Dataset records:
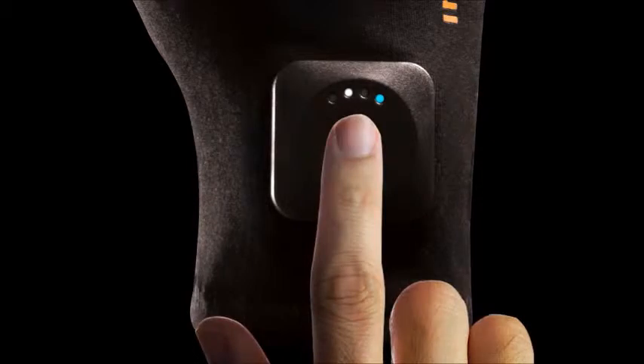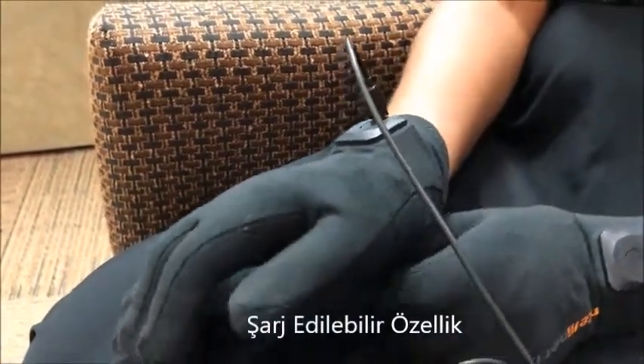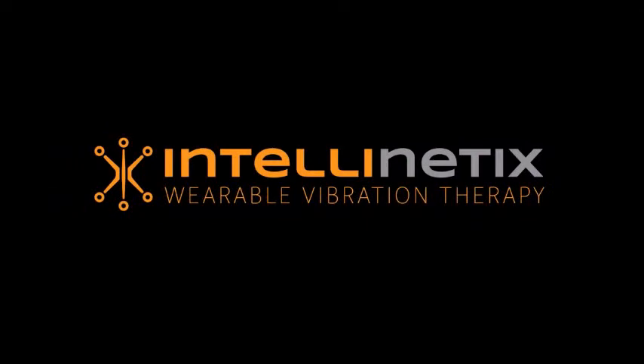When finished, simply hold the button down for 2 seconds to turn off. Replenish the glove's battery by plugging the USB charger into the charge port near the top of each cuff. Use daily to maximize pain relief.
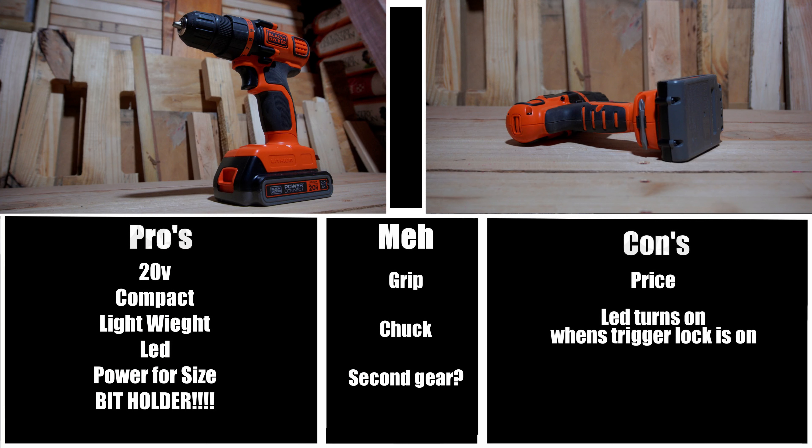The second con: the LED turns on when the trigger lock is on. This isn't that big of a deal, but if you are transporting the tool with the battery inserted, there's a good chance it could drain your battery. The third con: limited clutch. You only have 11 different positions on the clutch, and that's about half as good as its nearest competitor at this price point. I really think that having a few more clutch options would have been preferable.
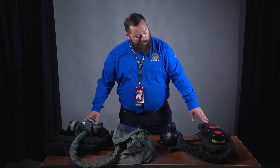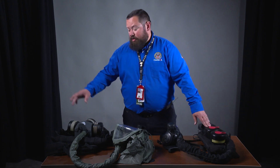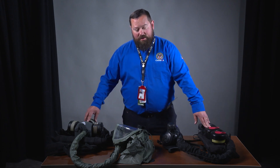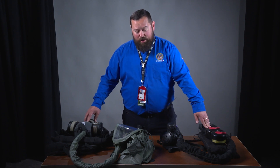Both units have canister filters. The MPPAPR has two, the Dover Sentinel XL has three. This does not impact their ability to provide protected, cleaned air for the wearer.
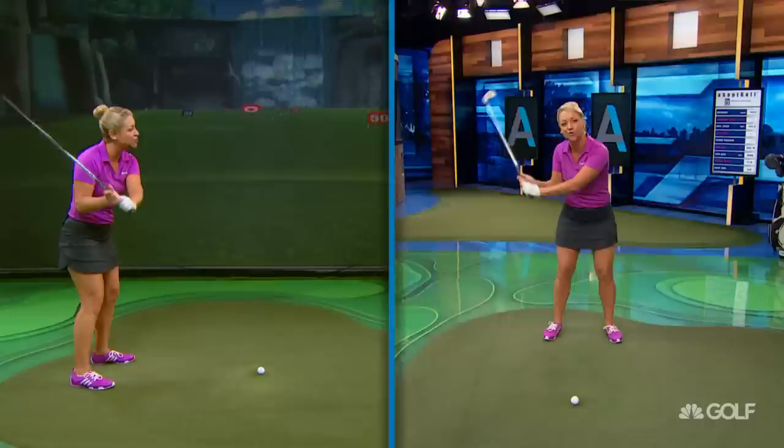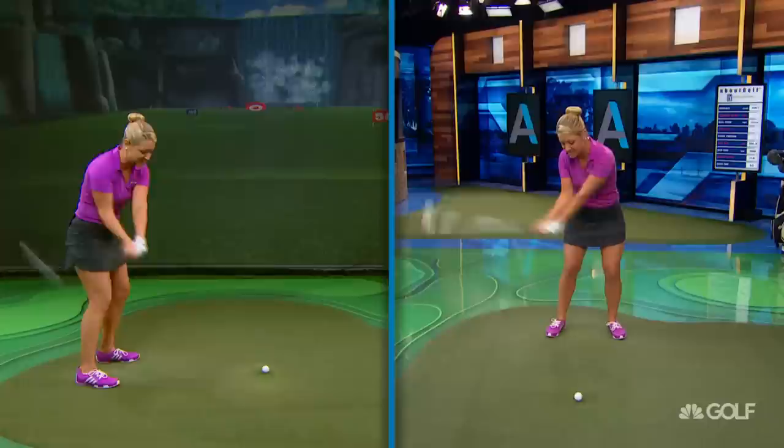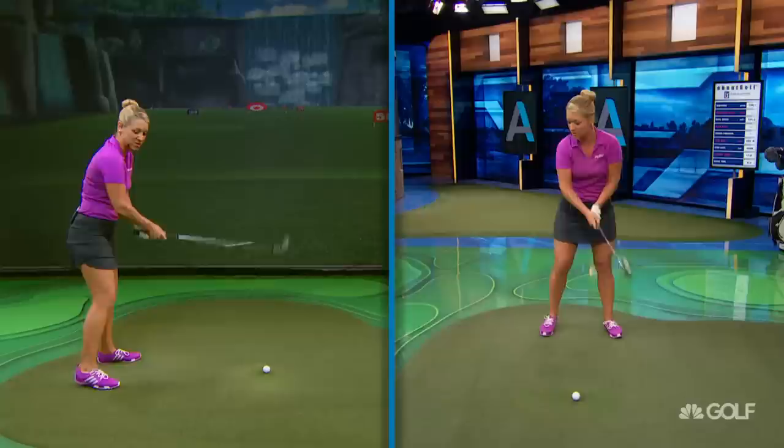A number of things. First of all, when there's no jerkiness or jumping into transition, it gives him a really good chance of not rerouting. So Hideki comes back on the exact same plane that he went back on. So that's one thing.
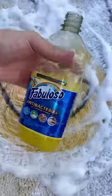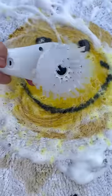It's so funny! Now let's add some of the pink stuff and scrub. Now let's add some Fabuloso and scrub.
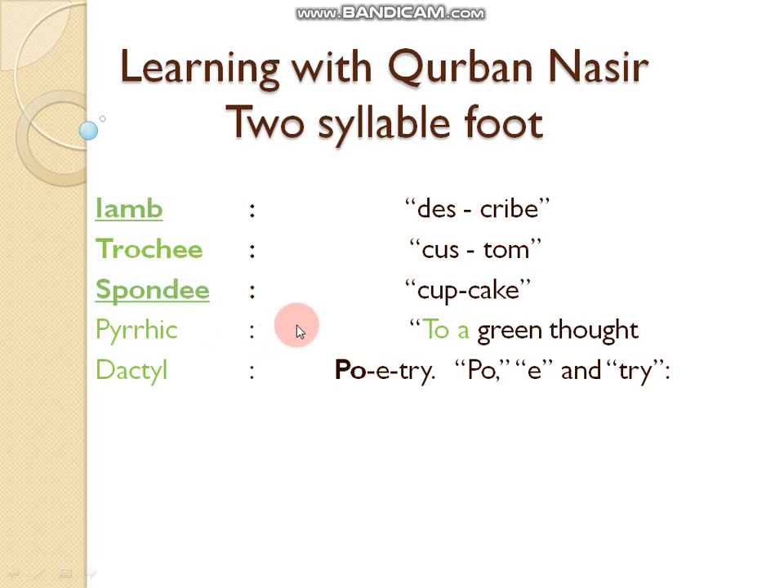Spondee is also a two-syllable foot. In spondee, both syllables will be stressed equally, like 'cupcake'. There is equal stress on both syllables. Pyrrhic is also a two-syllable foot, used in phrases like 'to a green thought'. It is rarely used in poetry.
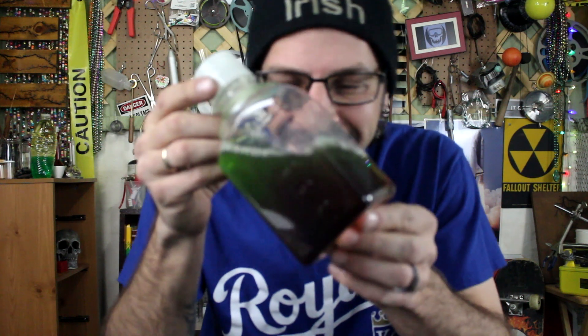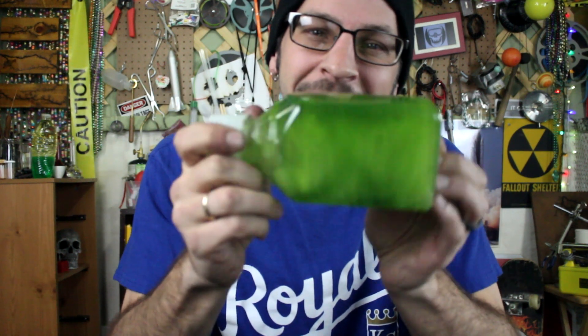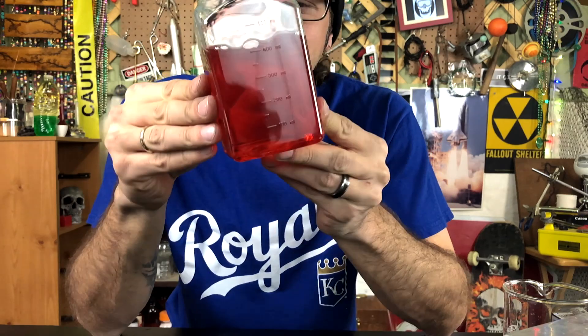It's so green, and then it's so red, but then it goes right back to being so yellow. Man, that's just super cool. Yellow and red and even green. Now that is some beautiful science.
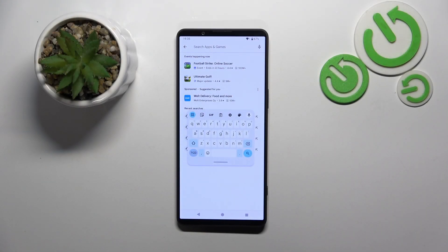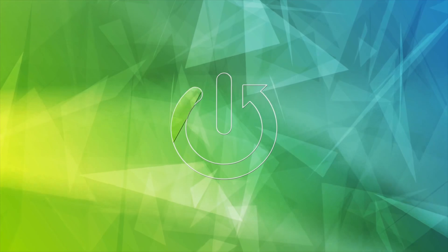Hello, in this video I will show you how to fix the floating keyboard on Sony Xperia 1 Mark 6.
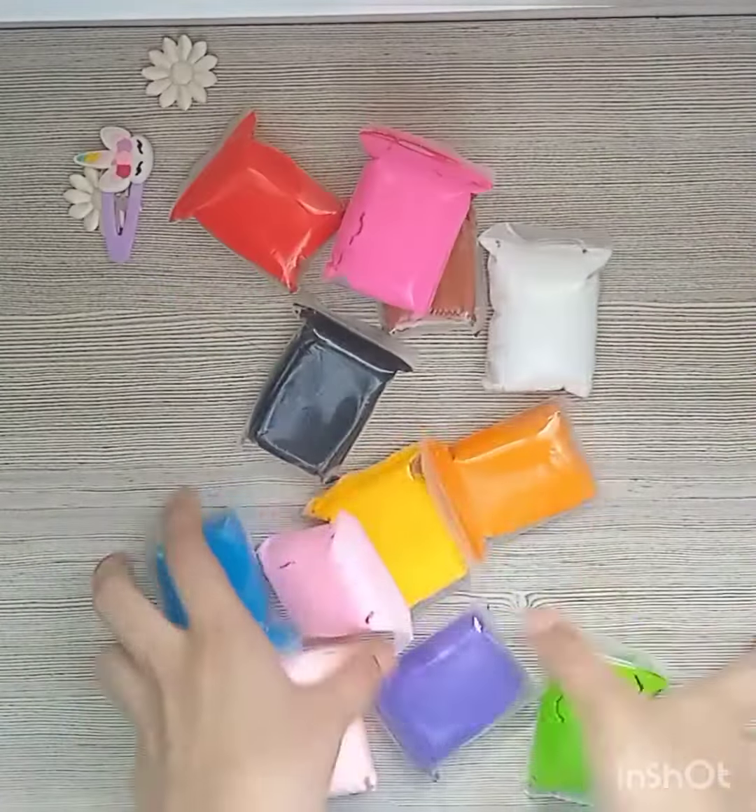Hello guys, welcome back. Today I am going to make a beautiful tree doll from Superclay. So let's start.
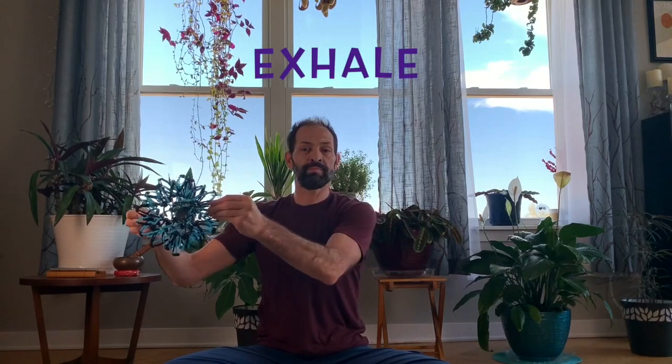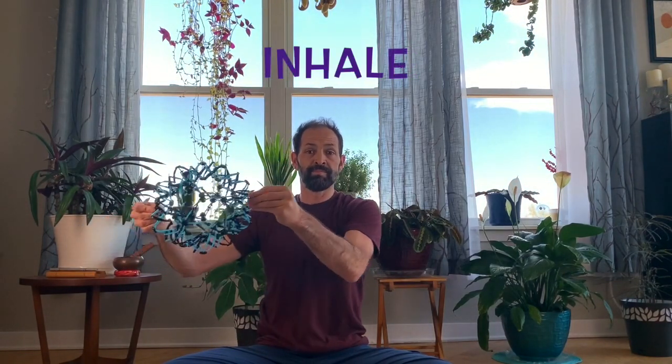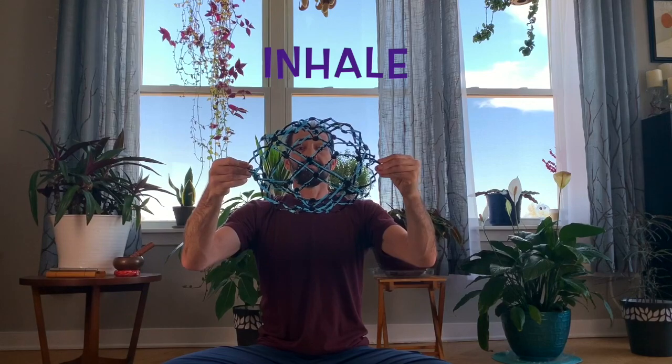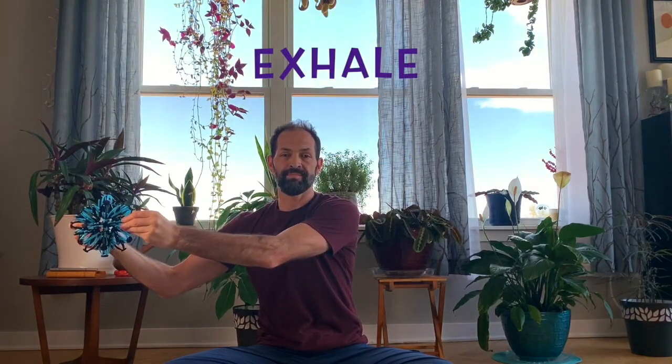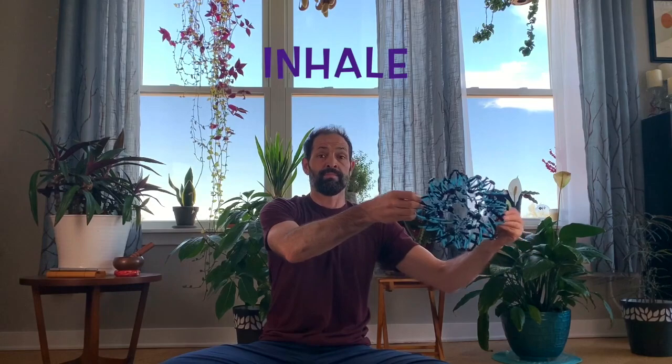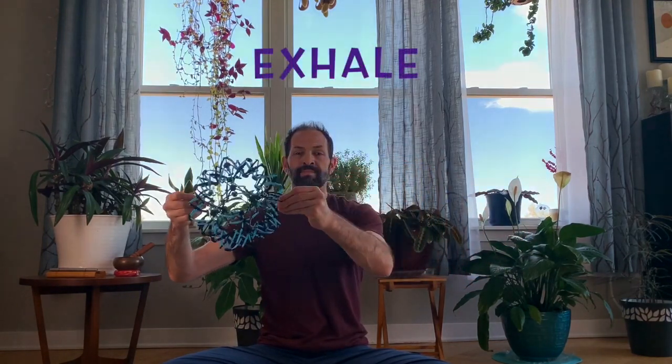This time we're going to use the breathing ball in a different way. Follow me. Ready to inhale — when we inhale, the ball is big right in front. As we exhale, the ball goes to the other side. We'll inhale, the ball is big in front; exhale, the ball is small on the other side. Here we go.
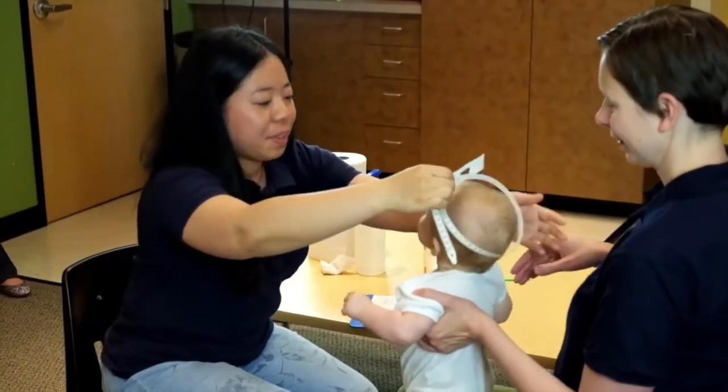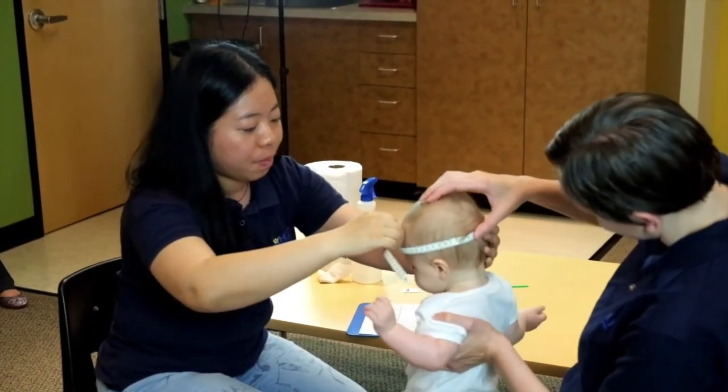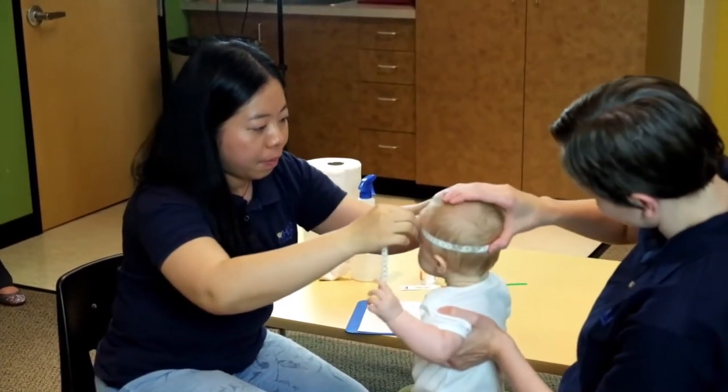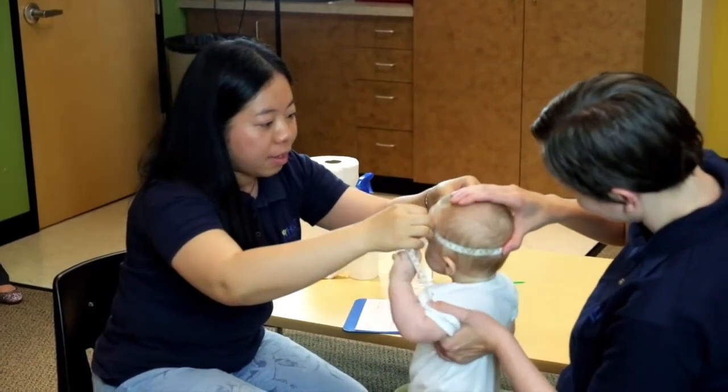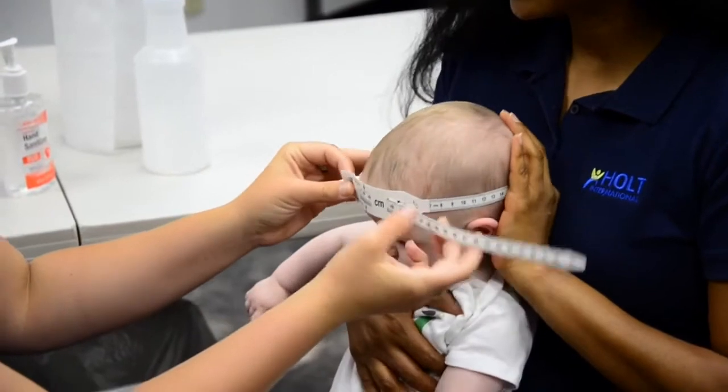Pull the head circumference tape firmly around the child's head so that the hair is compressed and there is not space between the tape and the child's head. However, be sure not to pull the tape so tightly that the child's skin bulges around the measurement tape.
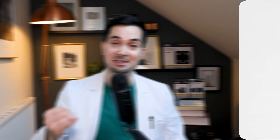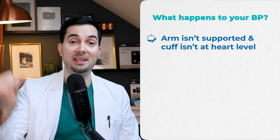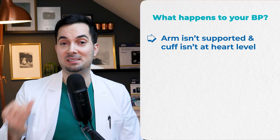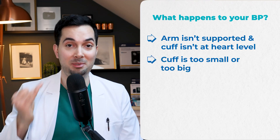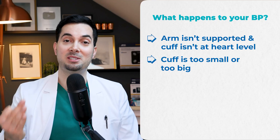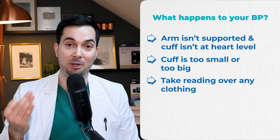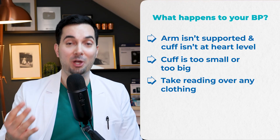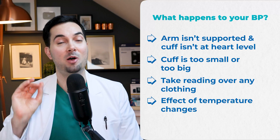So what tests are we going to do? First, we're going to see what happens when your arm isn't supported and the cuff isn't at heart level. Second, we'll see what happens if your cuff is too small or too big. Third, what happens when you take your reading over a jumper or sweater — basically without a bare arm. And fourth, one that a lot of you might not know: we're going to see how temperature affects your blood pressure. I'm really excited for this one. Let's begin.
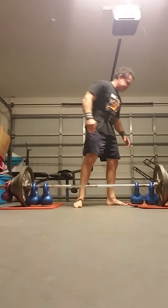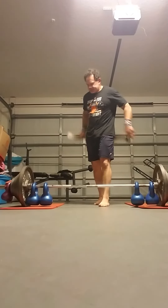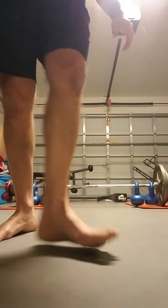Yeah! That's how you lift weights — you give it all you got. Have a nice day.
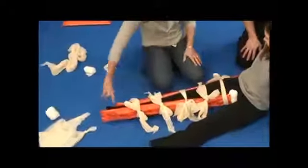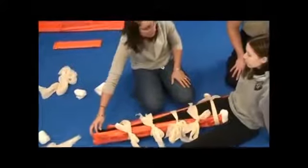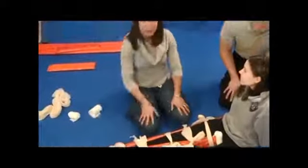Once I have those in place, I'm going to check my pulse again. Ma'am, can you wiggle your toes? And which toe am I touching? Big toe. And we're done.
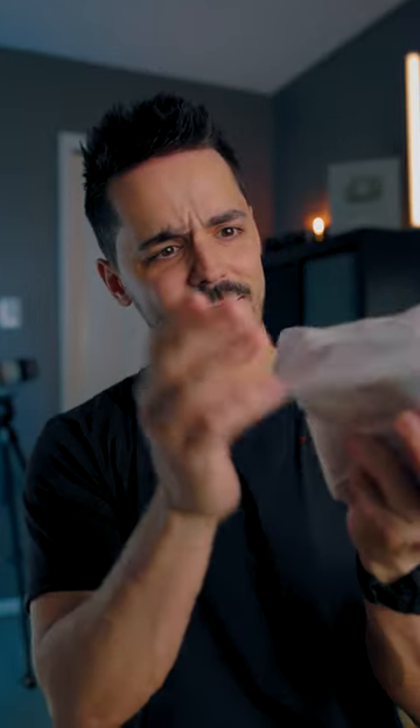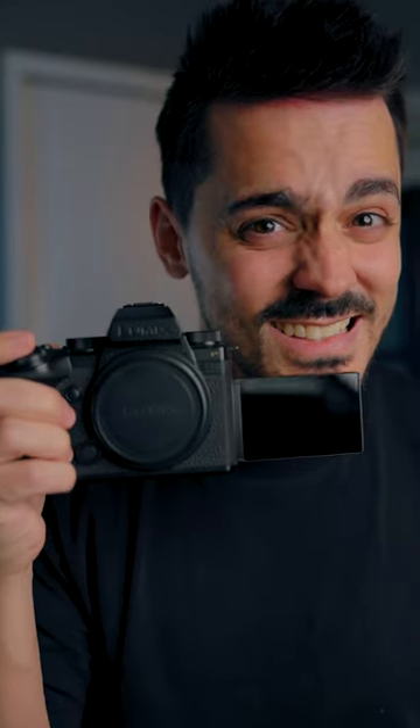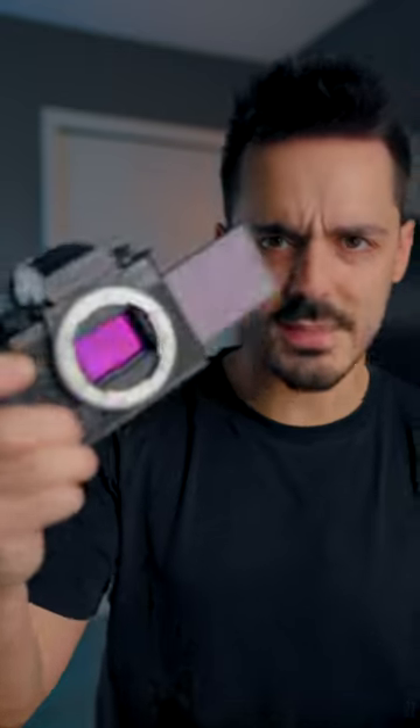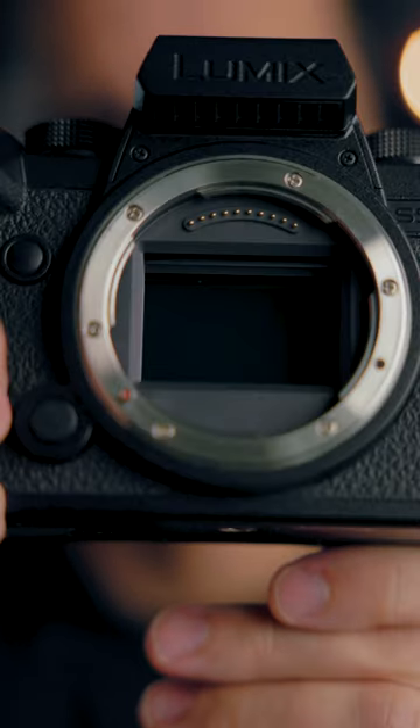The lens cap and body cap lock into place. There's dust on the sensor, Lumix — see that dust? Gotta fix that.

__What needs to be done__. Copy only what runs above from the line containing "Hello guys, welcome" through the line containing "This time we're", exactly. Leave out the pictures.

__Exercise output__.
Hello guys, welcome back. Today I am going to make a beautiful tree doll from Superclay. So let's start.
This time we're going to use the breathing ball in a different way. Follow me. Ready to inhale — when we inhale, the ball is big right in front. As we exhale, the ball goes to the other side. We'll inhale, the ball is big in front; exhale, the ball is small on the other side. Here we go.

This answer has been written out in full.